- **RECORDS FOR THE TASK**:
━━━━━━━━━━
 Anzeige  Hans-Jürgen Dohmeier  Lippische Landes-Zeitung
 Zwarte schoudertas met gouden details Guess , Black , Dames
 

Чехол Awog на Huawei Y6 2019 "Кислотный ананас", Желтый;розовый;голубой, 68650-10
━━━━━━━━━━
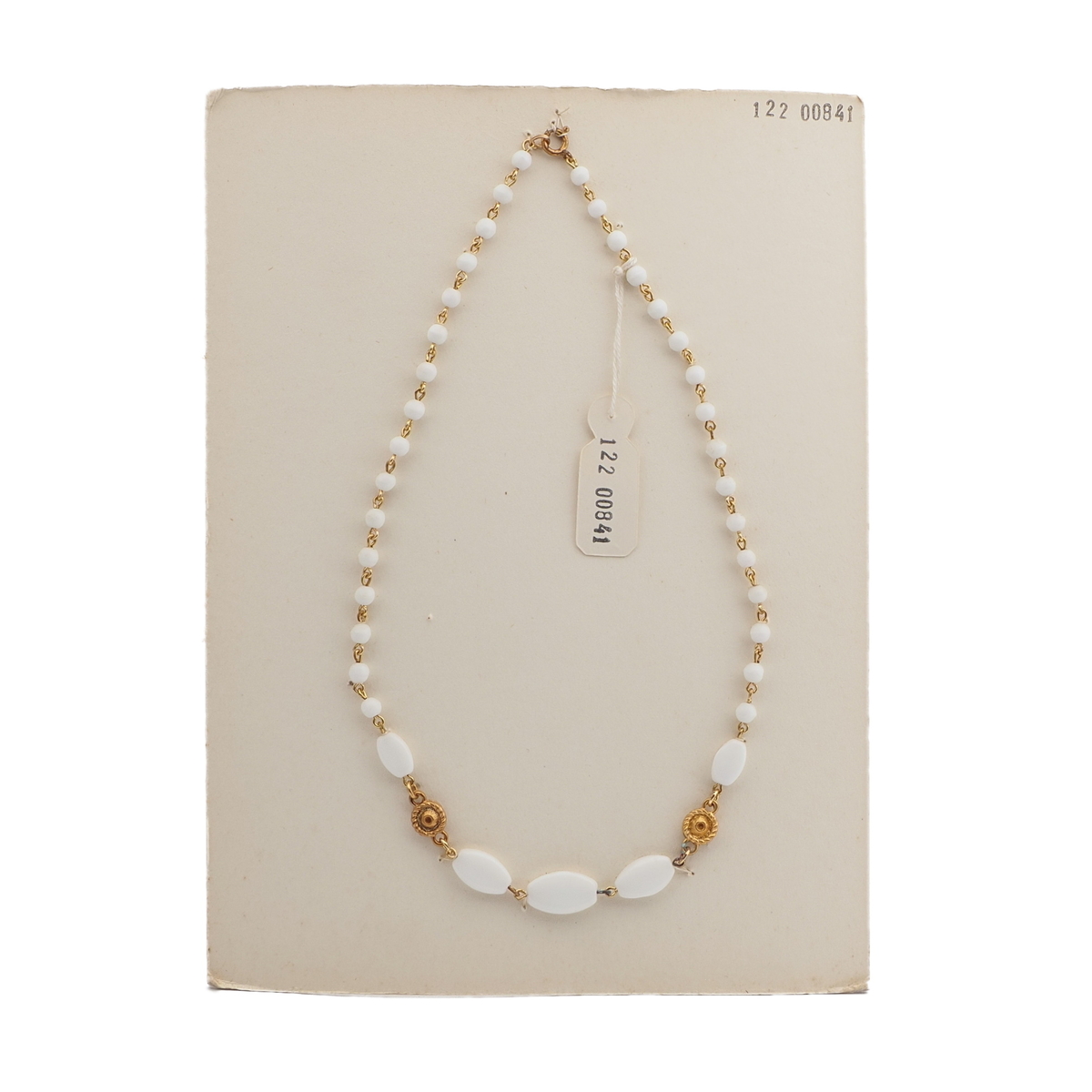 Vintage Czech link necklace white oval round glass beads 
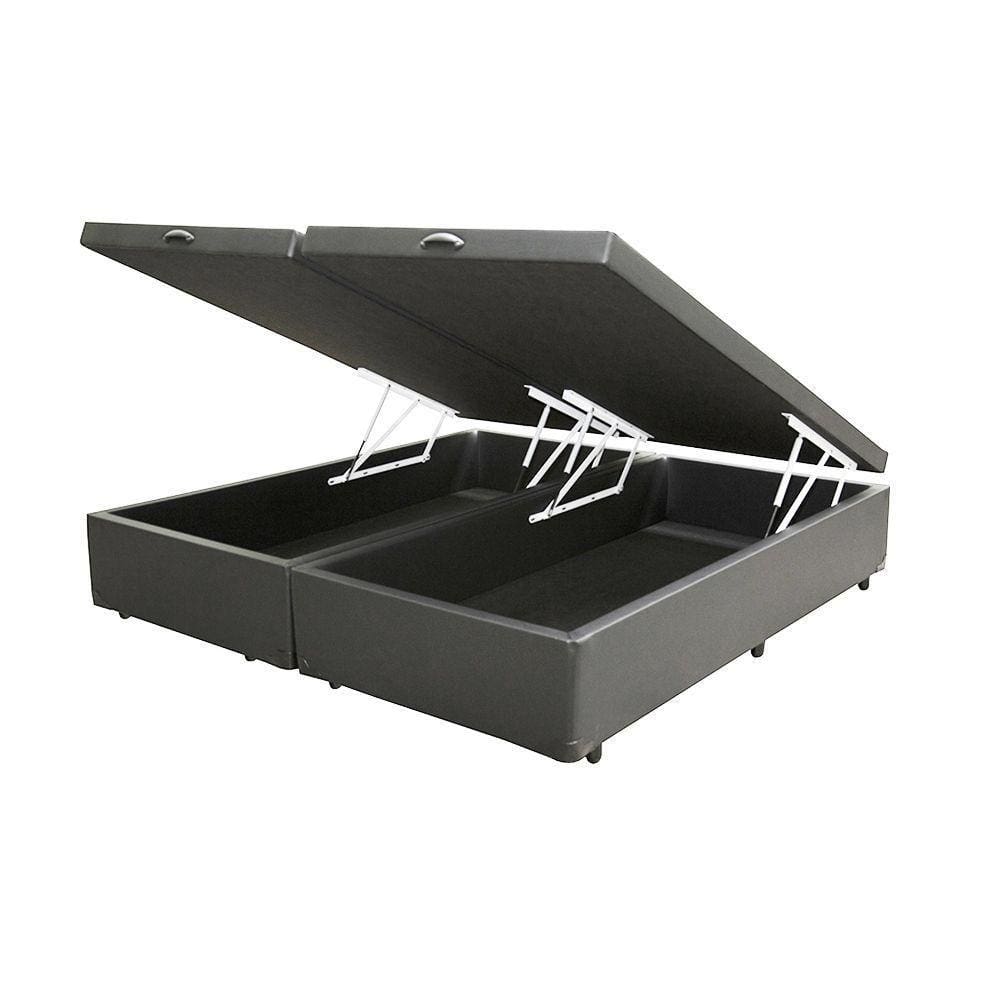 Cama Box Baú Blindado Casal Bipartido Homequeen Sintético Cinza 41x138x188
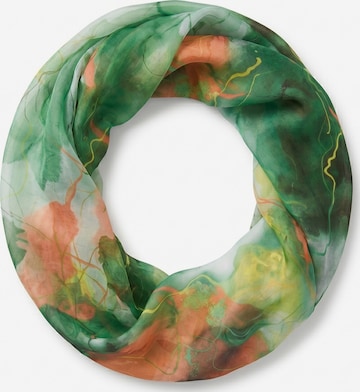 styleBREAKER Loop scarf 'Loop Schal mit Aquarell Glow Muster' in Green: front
━━━━━━━━━━
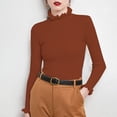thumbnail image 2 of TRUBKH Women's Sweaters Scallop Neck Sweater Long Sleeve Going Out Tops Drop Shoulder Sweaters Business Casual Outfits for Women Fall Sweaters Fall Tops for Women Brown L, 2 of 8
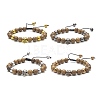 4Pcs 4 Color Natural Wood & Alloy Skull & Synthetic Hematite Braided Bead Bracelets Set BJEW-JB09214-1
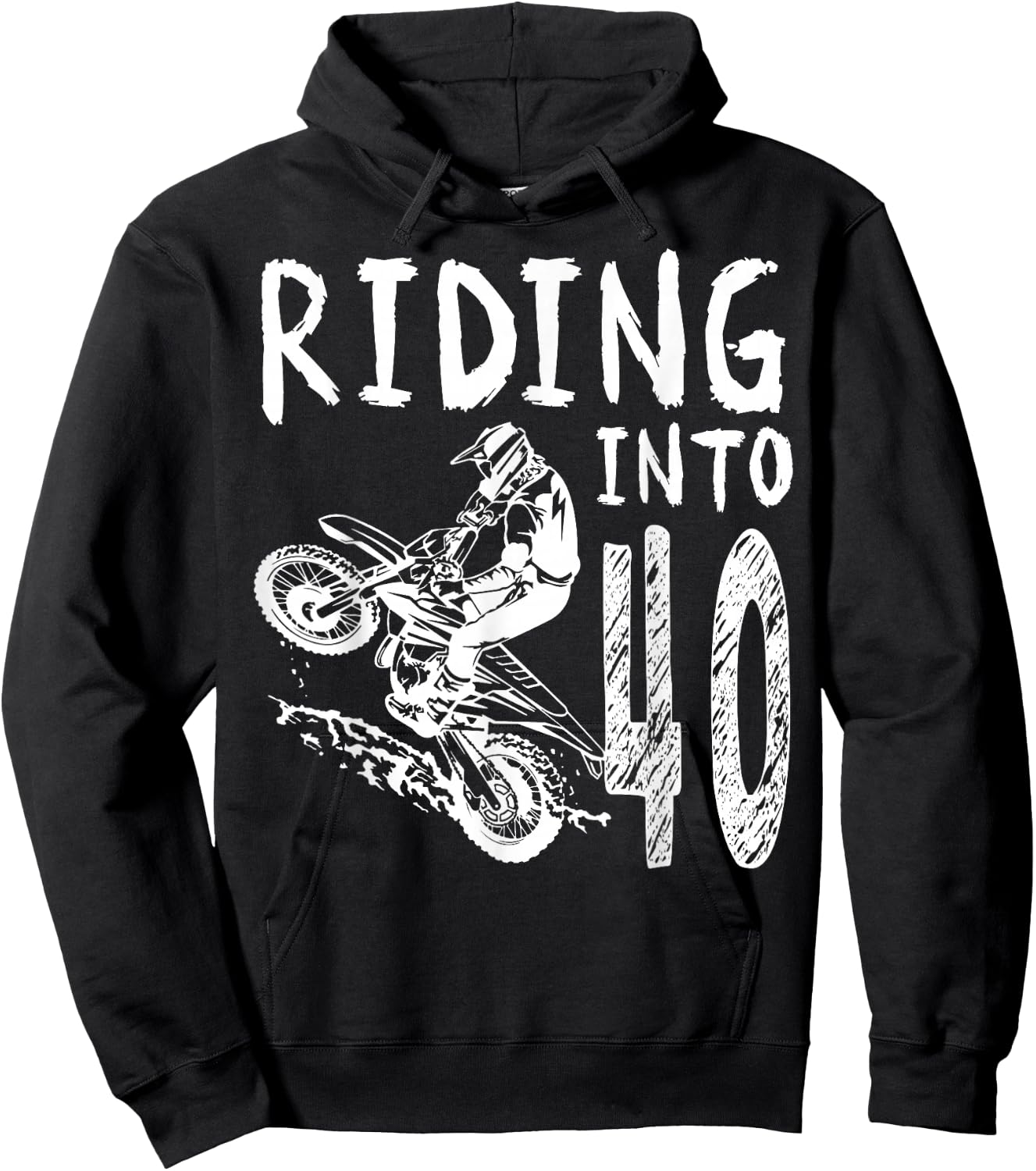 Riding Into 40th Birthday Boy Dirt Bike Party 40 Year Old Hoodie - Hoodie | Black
━━━━━━━━━━
- **PROMPT**: Skipping every picture, transcribe exactly the lines above from the one containing "Cama Box Baú" through the one containing "styleBREAKER Loop scarf", both included.

- **SOLUTION TO THIS EXERCISE**:
 Cama Box Baú Blindado Casal Bipartido Homequeen Sintético Cinza 41x138x188
 styleBREAKER Loop scarf 'Loop Schal mit Aquarell Glow Muster' in Green: front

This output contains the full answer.